#### Entries supplied:
········

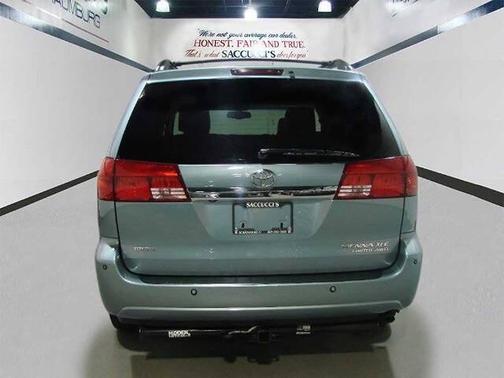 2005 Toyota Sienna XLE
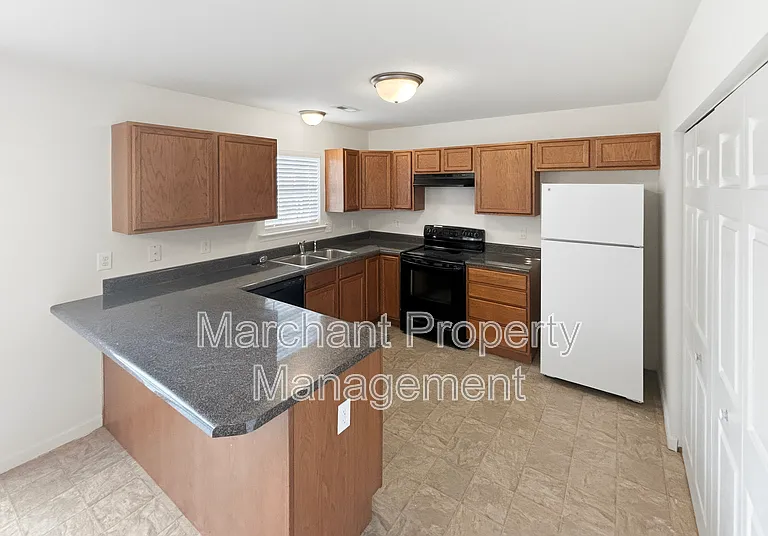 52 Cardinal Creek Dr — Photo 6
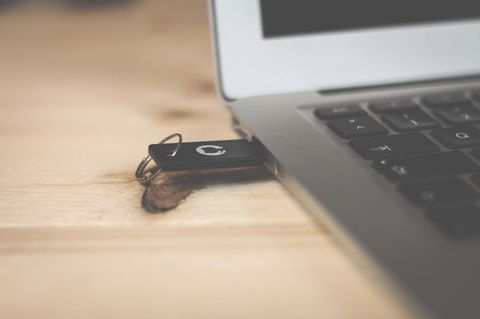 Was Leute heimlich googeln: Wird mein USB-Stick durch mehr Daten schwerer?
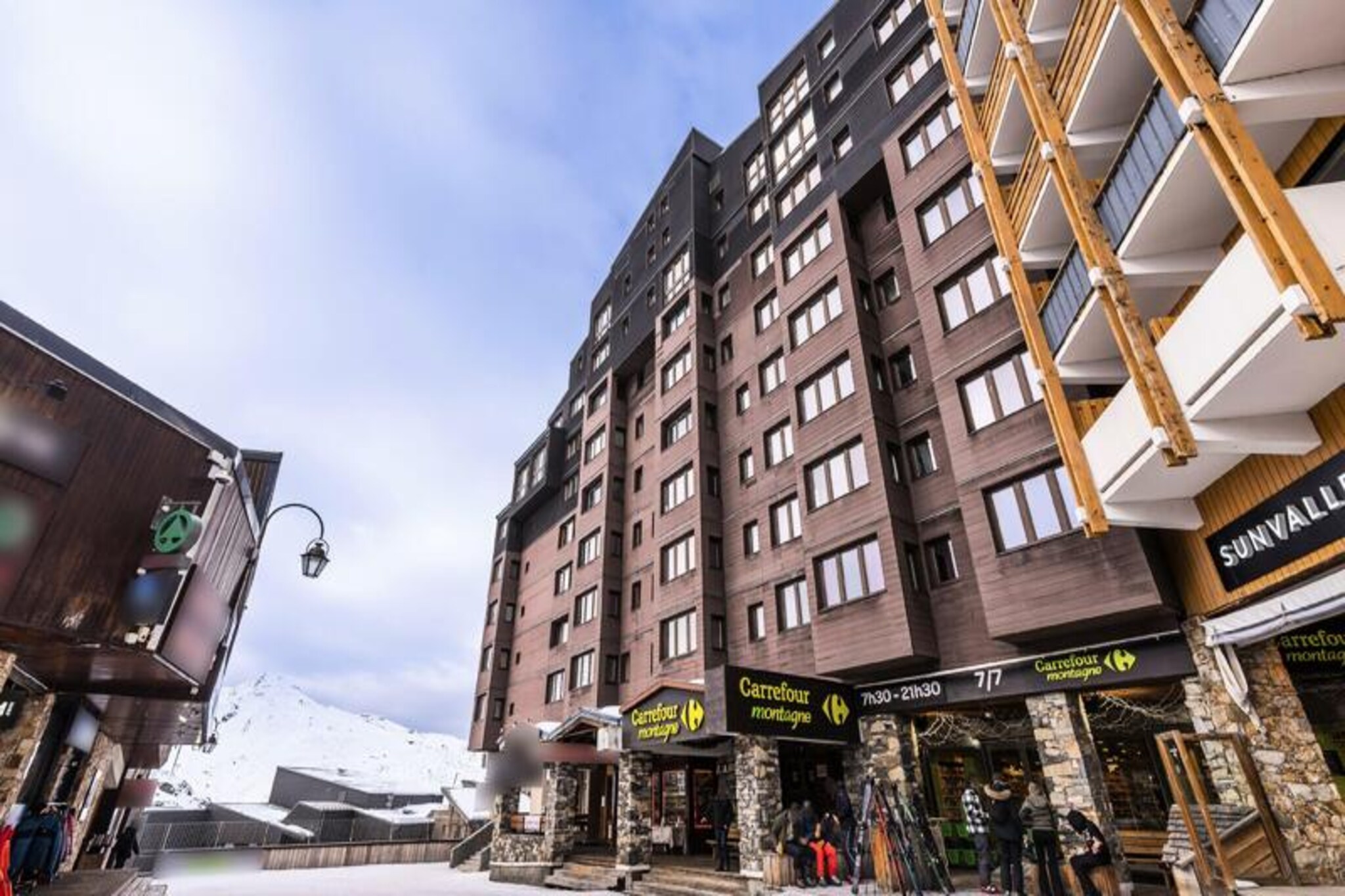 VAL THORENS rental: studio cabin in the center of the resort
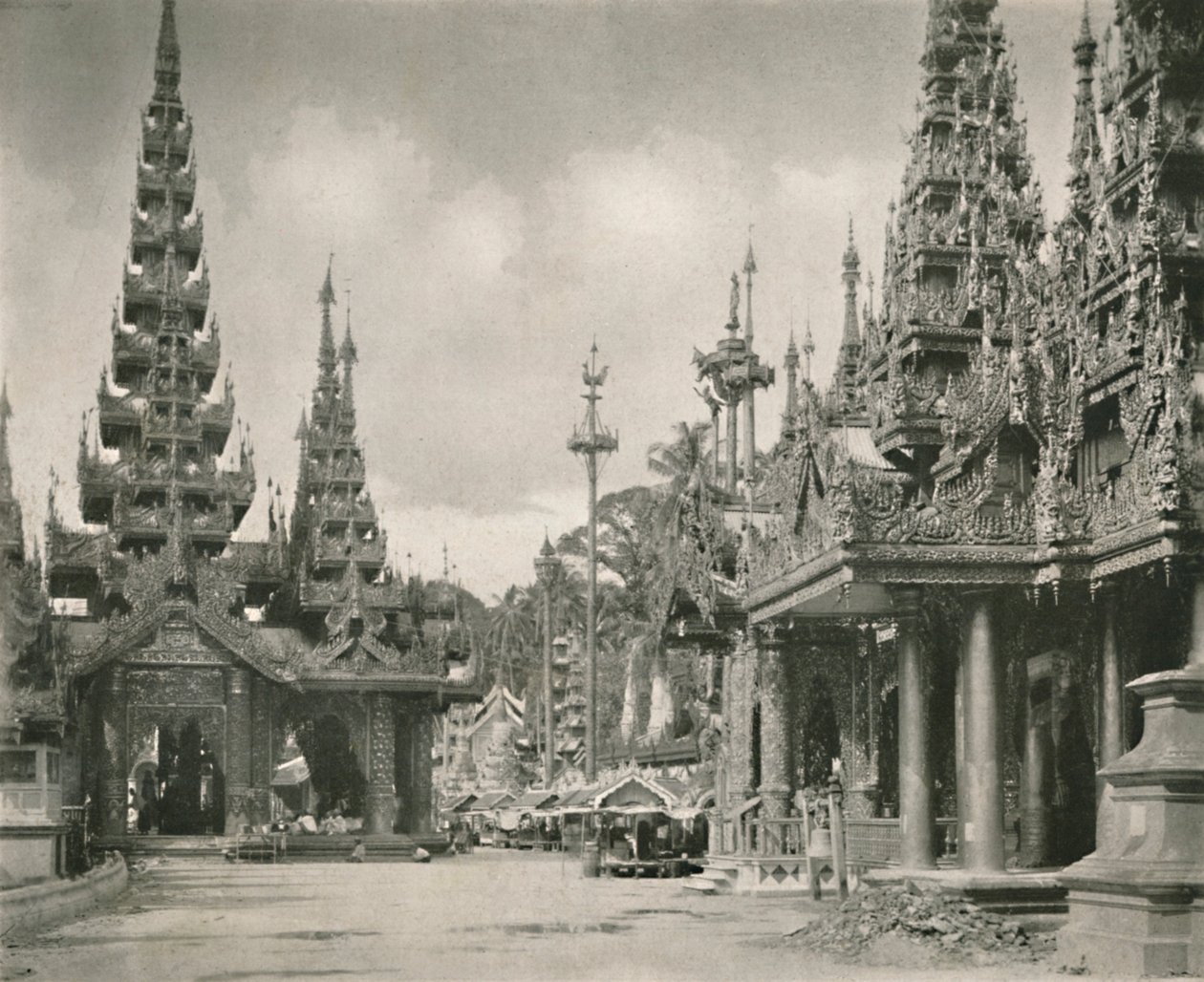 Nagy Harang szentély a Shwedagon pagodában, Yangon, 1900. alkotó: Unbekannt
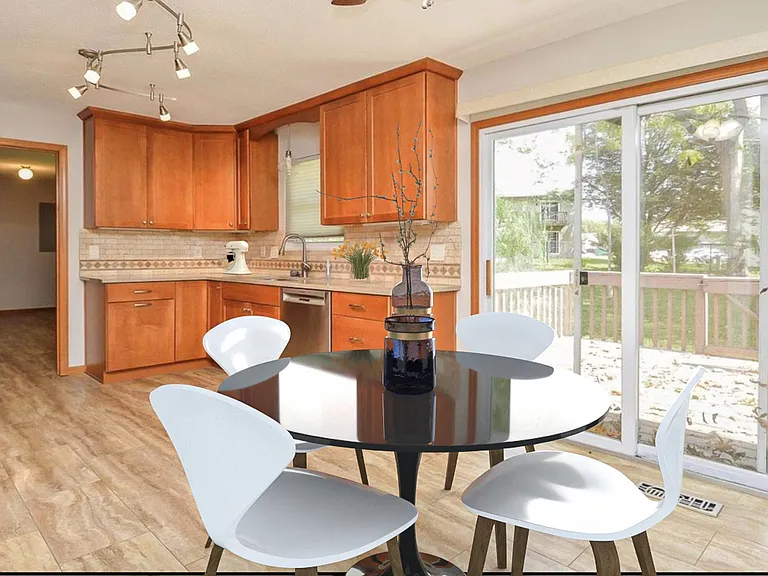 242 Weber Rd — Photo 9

········

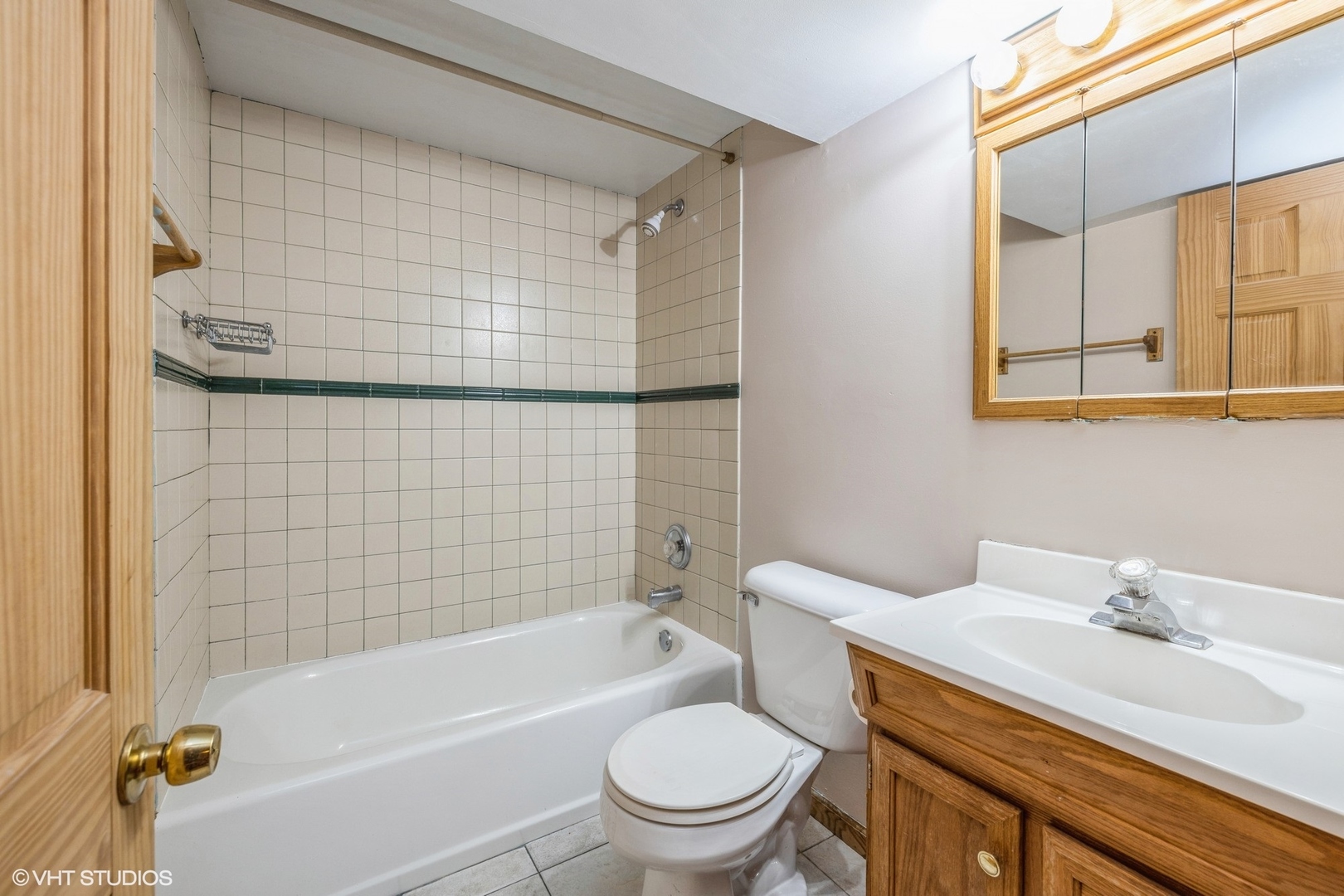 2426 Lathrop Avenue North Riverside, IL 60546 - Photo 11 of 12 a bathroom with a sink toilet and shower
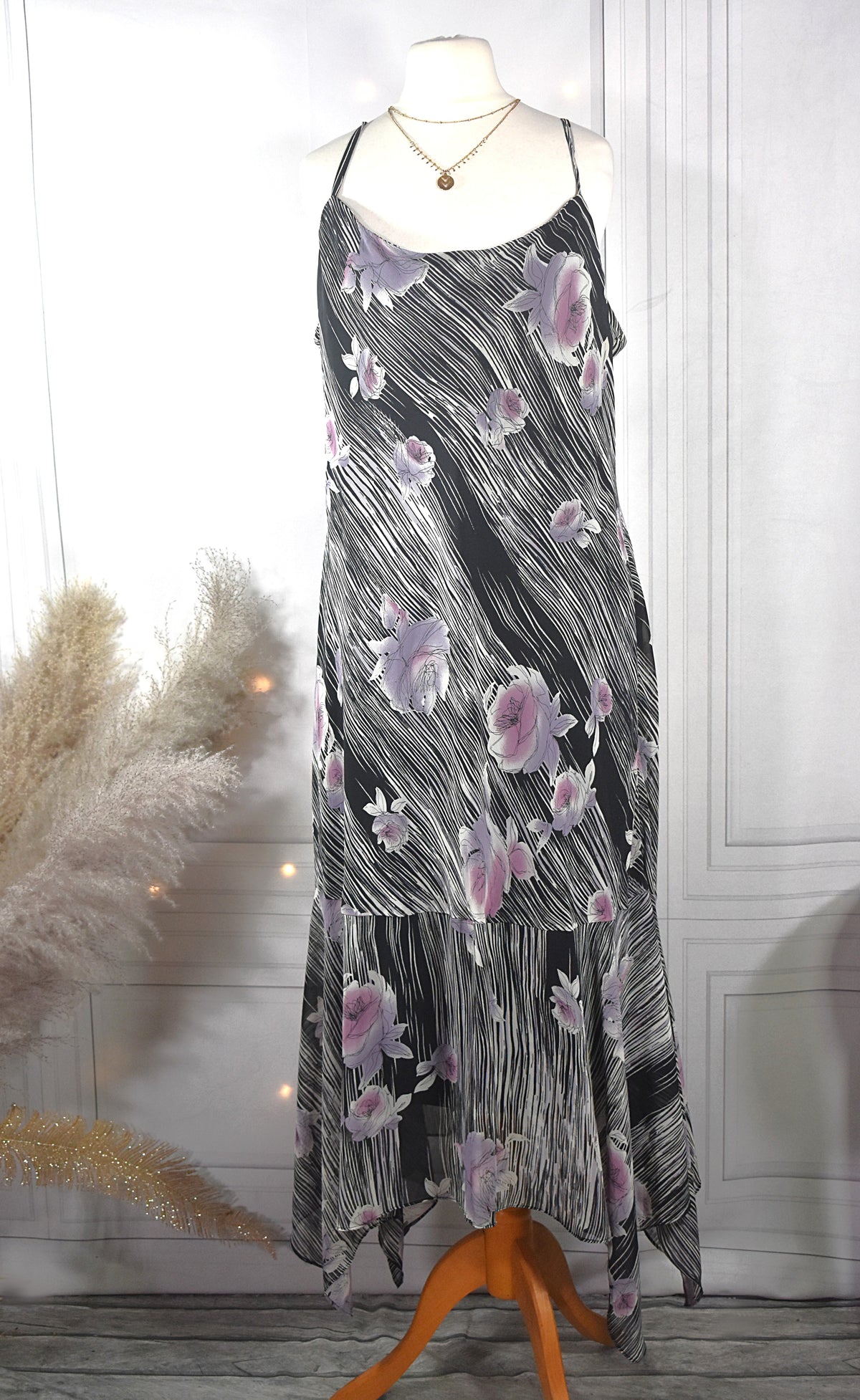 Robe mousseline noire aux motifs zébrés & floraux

········

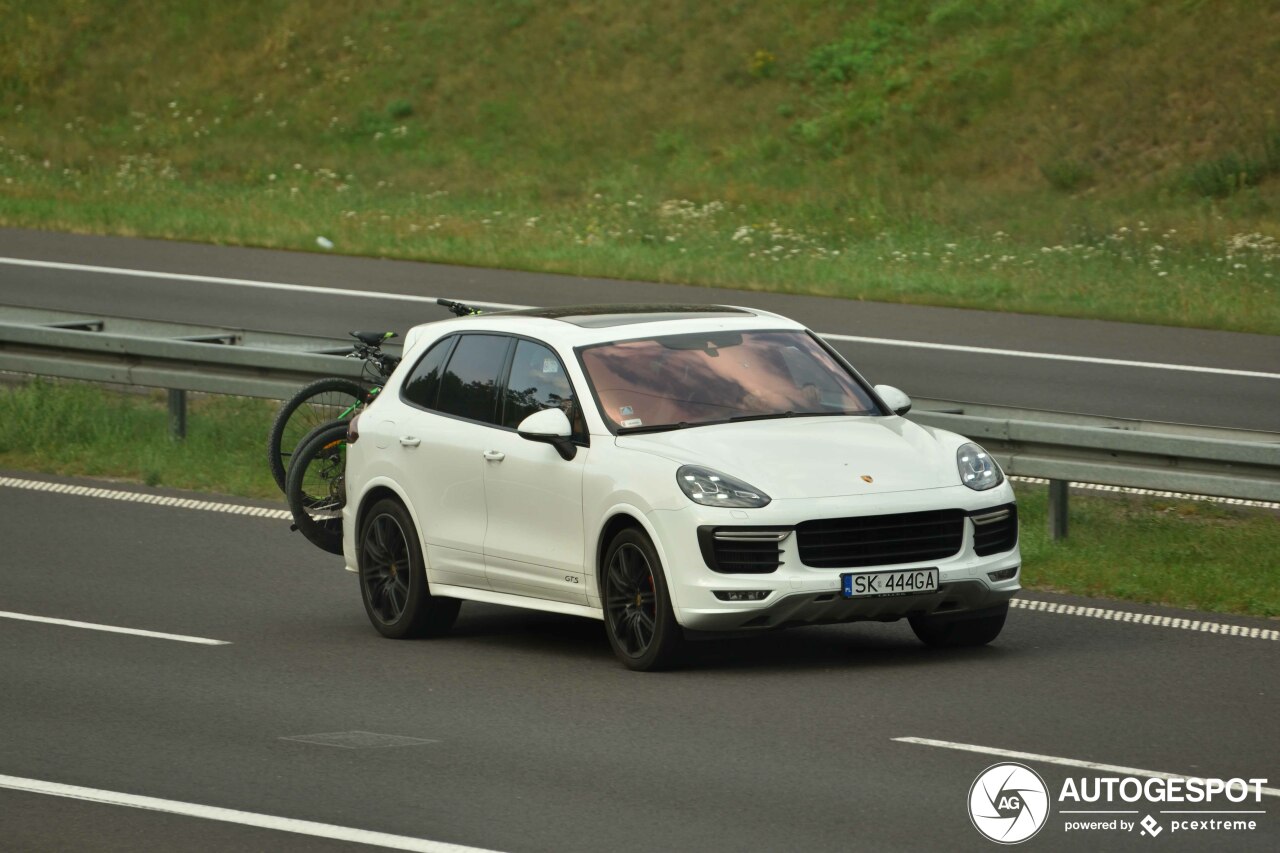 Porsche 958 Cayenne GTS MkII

········

#### Required work:
When you reach the line that has "Was Leute heimlich" in the data above, start repeating lines exactly, and stop after the line that has "242 Weber Rd — Photo 9"; pictures stay out.

#### Response to the exercise:
 Was Leute heimlich googeln: Wird mein USB-Stick durch mehr Daten schwerer?
 VAL THORENS rental: studio cabin in the center of the resort
 Nagy Harang szentély a Shwedagon pagodában, Yangon, 1900. alkotó: Unbekannt
 242 Weber Rd — Photo 9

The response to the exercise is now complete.